Dans les rames bondées du métro de Tokyo, les Japonaises en tenue d’écolières ou en tailleur pastel ne quittent plus des yeux les minuscules écrans de leurs smartphones ou de leur console Nintendo DS. Elles s’adonnent toutes aux « Otome games », c’est-à-dire à des jeux vidéo pour « jeunes filles ».
Serez-vous sensible aux fantasmes des jeunes Japonaises ?
Le pitch est simple : une héroïne adolescente se retrouve parachutée dans un univers virtuel, conçu dans l’unique but d’y satisfaire les fantasmes amoureux de la joueuse. Qu’elle doive sauver le monde, enquêter sur un mystère, ou tout simplement simuler un quotidien de rêve, l’intrigue n’est qu’un prétexte à des interactions nombreuses et romantiques avec les différents protagonistes mâles du jeu vidéo. Sur console, sur smartphone ou sur les versions dédiées aux réseaux sociaux japonais, l’intérêt véritable de ces « Otome games » réside en effet dans le harem de prétendants que chaque jeu offre aux joueuses. Looks, personnalités, goûts, ou encore histoire personnelle, les héros masculins affichent des caractères assez stéréotypés, qu’on retrouve dans les mangas : le « prince » c'est-à-dire le premier de la classe séducteur et gentleman, la brute au grand cœur et ses impressionnants biscotos, le ténébreux tourmenté, ou encore, plus étrange, le « petit frère » mignon… Il n'y a plus qu’à choisir selon ses préférences !
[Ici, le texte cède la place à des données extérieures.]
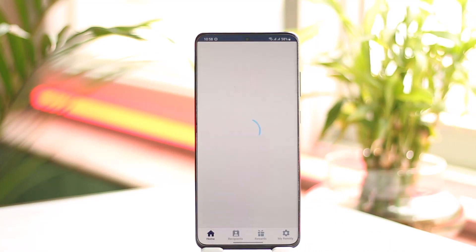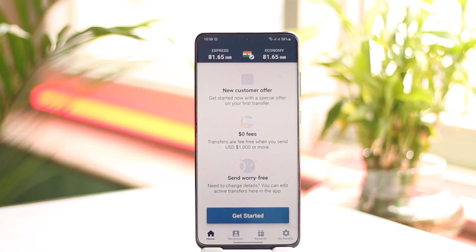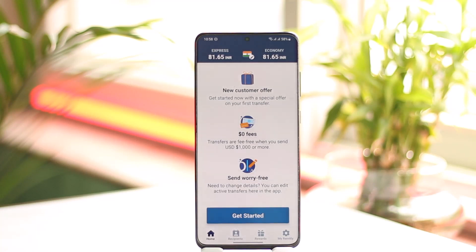According to Remitly's privacy policy, they may retain certain information about their customers and their transactions for legal and regulatory purposes, and even after the customer's account is closed or terminated they still have the data. This means that some information may be retained even if you delete your account.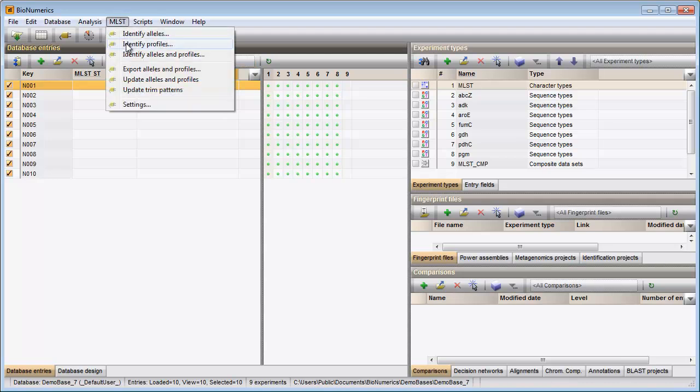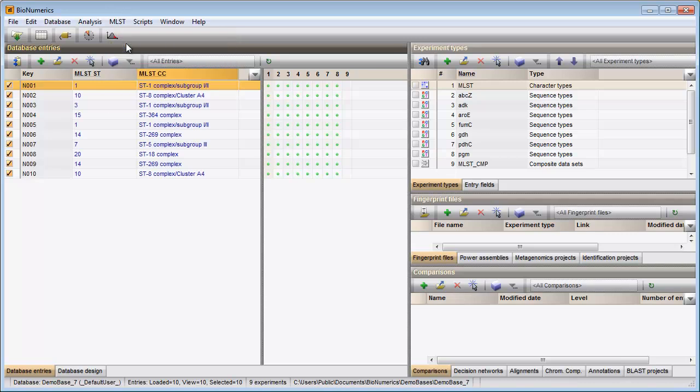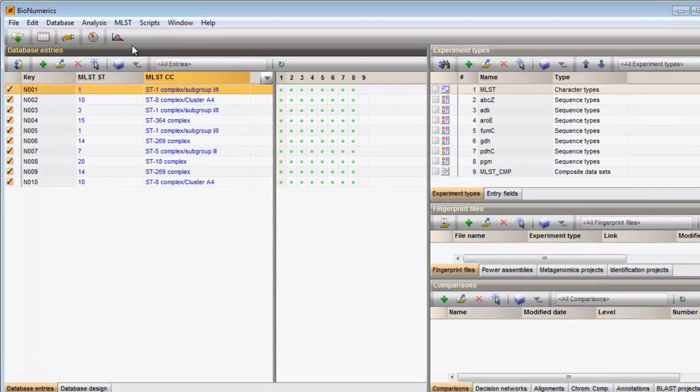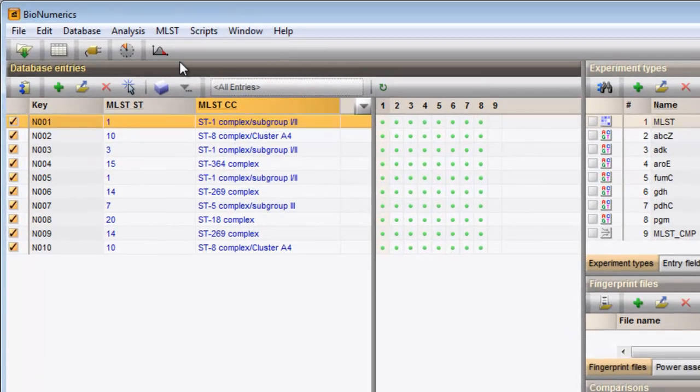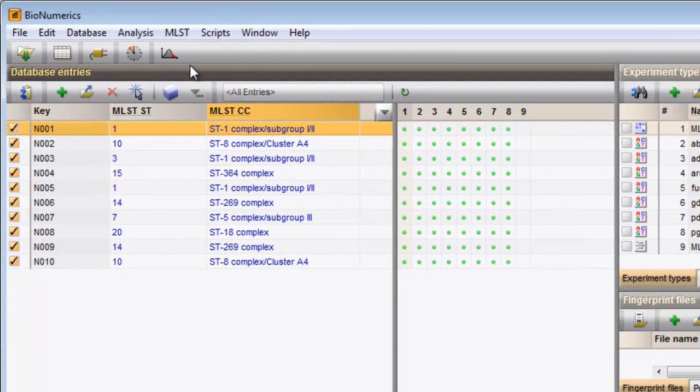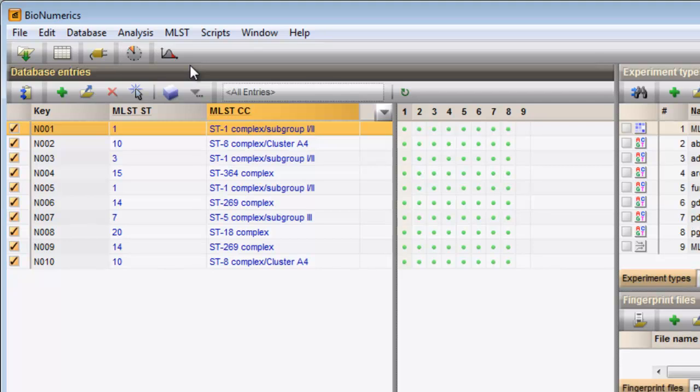With this option, the allele profiles are screened against the online MLST information. The matched sequence types and clonal complexes are displayed in the MLST information fields.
Ces fantasmes pourraient-ils séduire les joueuses françaises ? Difficile de se faire une idée, car la quasi totalité de ces « Otome games » ne sont pas traduits. On peut toutefois essayer avec ceux en version anglaise. Par exemple Yo-Jin-Bô : the Bodyguards, sorti sur PC et Playstation 2 il y a cinq ans. Car même s’il date un peu, il est représentatif du genre : des samouraïs aux coupes de cheveux bariolées se disputent vos faveurs, à vous, jeune fille prude mais émoustillée… Sur iPhone, tentez aussi de faire du gringue aux corsaires de Pirates in Love, aux chevaliers médiévaux mais sexy de Shall we date? : Heian Love ou encore aux cavaliers plus contemporains de Shall we date? : KONKATSU et voyez si ça marche...
Un jour mes princes viendront…
L’aventure peut prendre plusieurs formes. Les plus austères écrans textes font penser à un manga interactif dans lequel on choisit ce que l’héroïne va dire à tel ou tel personnage, tandis que les plus originaux proposent des épreuves variées. L’un des plus intéressants, sorti récemment au Japon et disponible bientôt aux Etats-Unis, est Hakuouki 3D et ses vampires samouraïs, ou la folie Twilight adaptée sur Nintendo 3DS à l’art des premiers émois amoureux nippons.
Princess Debut le Bal Royal, pour Nintendo DS, l’unique « Otome game » sorti en France, s’inspire des jeux musicaux. Ce jeu que n’aurait pas renié Stéphane Bern mélange des épreuves de danse de salon et des amourettes à la cour du roi grâce à six princes et un lapin !
Tous ces jeux suivent scrupuleusement deux préceptes : jamais de sexe car les titres sont tout public et une difficulté peu élevée pour ne frustrer personne. La partie, en général assez courte, est gagnée lorsque la joueuse a obtenu de l’objet de son amour une déclaration enflammée et accessoirement sauvé le monde... mais souvent c’est le prince charmant désigné qui s'y colle. Et cerise sur ce gâteau vidéoludique, la quantité de prétendants toujours célibataires à la fin de la partie invite chacune à multiplier les expériences et à rejouer l’aventure amoureuse à l'infini...
Liens :
- Un blog avec des chroniques en français sur les Otome games
- Une liste des Otome games disponibles en anglais
Parce qu'on peut être une geekette enthousiaste et amoureuse des mondes virtuels sans renier la princesse qui est en nous, Pia conjugue sa passion pou...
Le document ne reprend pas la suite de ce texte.